The backlog in the asylum system doubled last year and is growing, an official report has revealed.
The number of asylum cases which were not dealt with increased to 8,700 in the second quarter of 2008 compared with 4,200 a year earlier, the National Audit Office said.
Even after their asylum claim is rejected, fewer than one in 10 asylum seekers processed under a new system are removed from the country.
Removing one family can cost the taxpayer up to £60,000, the report found.
The auditors also said the Home Office was on course to miss its target to clear the 450,000 "legacy" cases discovered four years ago and which cost the taxpayer £600 million last year.
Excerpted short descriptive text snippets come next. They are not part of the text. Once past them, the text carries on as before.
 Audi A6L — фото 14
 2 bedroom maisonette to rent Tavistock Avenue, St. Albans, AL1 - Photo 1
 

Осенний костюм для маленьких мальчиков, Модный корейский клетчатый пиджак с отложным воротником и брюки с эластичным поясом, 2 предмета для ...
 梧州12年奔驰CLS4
And there were no measures to track those granted asylum so they could be returned home when their right to stay expired, they said.
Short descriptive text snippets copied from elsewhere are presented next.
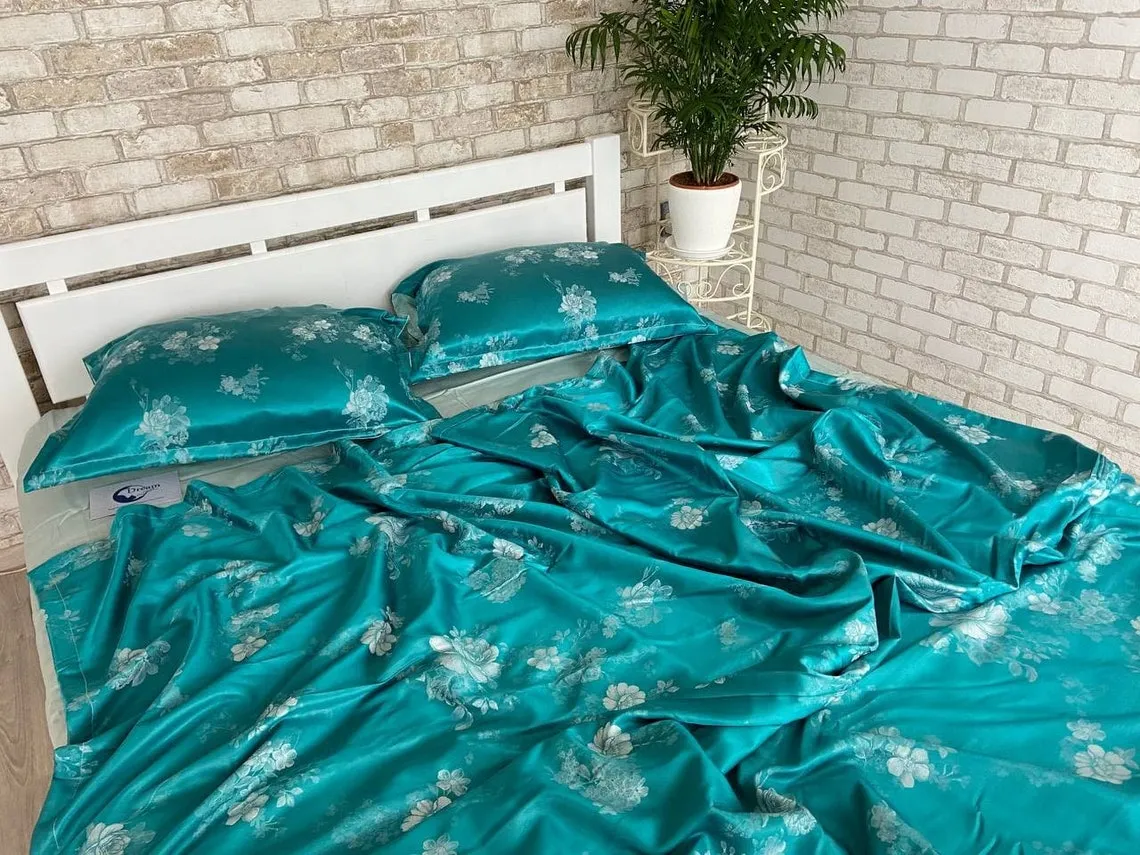 Emerald with silver flowers Bedding Set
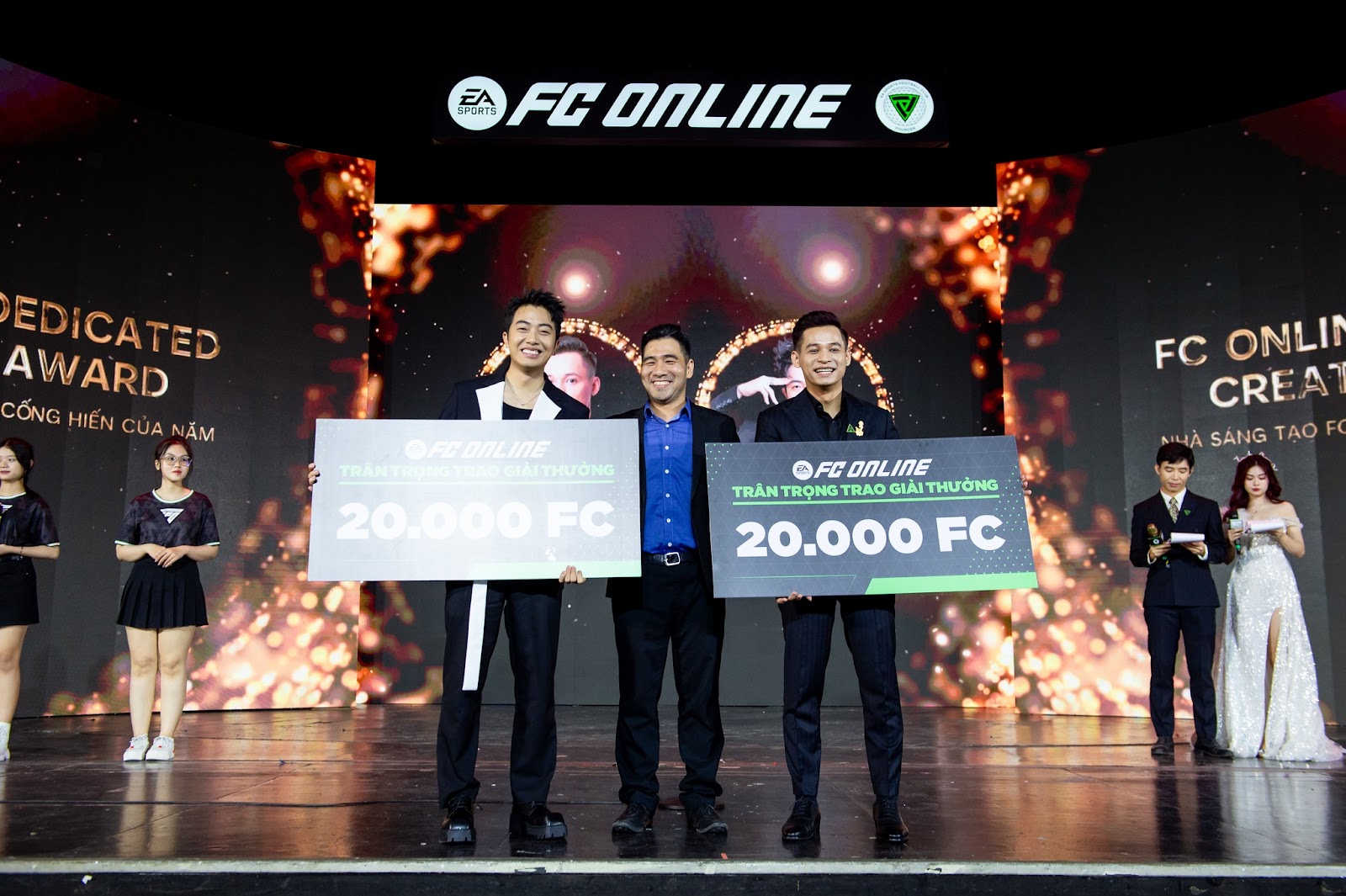 Độ Mixi và Cris Devil Gamer nhận giải thưởng vinh danh, trở thành gương mặt đại diện mới của FC Online- Ảnh 2.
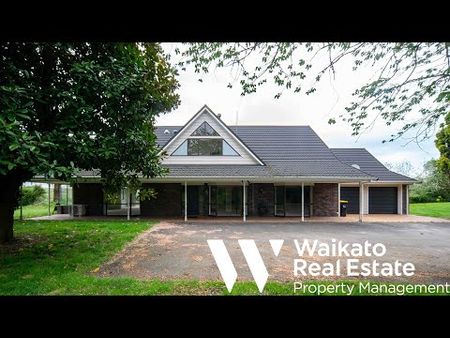 Spacious 6-Bedroom Home with Lifestyle Setting - Minutes from Hamilton Airport - Photo 2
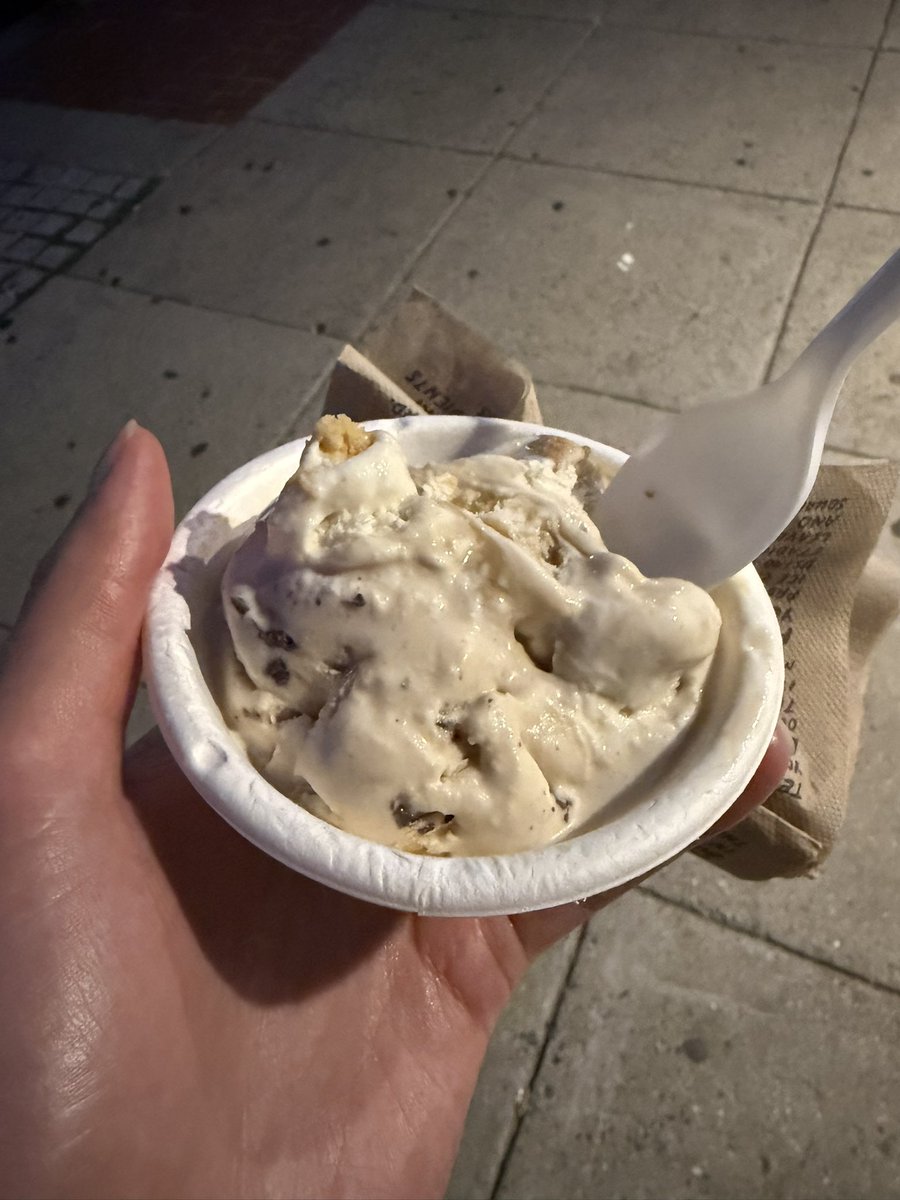 WHAT MADE SEAN SMILE (week 29): Got to check out the campus of UVA on Monday. Then a visit with Miniature Piano enthusiast Janice Kelsh in Hagerstown on Wednesday. Met up with my fellow Syracuse-loving friend Melissa on Saturday. And topped it all off with Jeni’s ice cream on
Tory MP Edward Leigh, chairman of the Public Accounts Committee, said the UK Border Agency (UKBA) was "struggling to cope" with asylum cases.
The damning report revealed the overall backlog grew despite a fall in the number of asylum applications in the last five years from 84,000 in 2002 to 23,000 in 2007.
The UKBA had an "improved grip" on the asylum process since its last report, the NAO said, but its new system for processing asylum applicants had not led to an increase in asylum removals.
Mr Leigh added: "If things go on as they are, this backlog will become a lot bigger."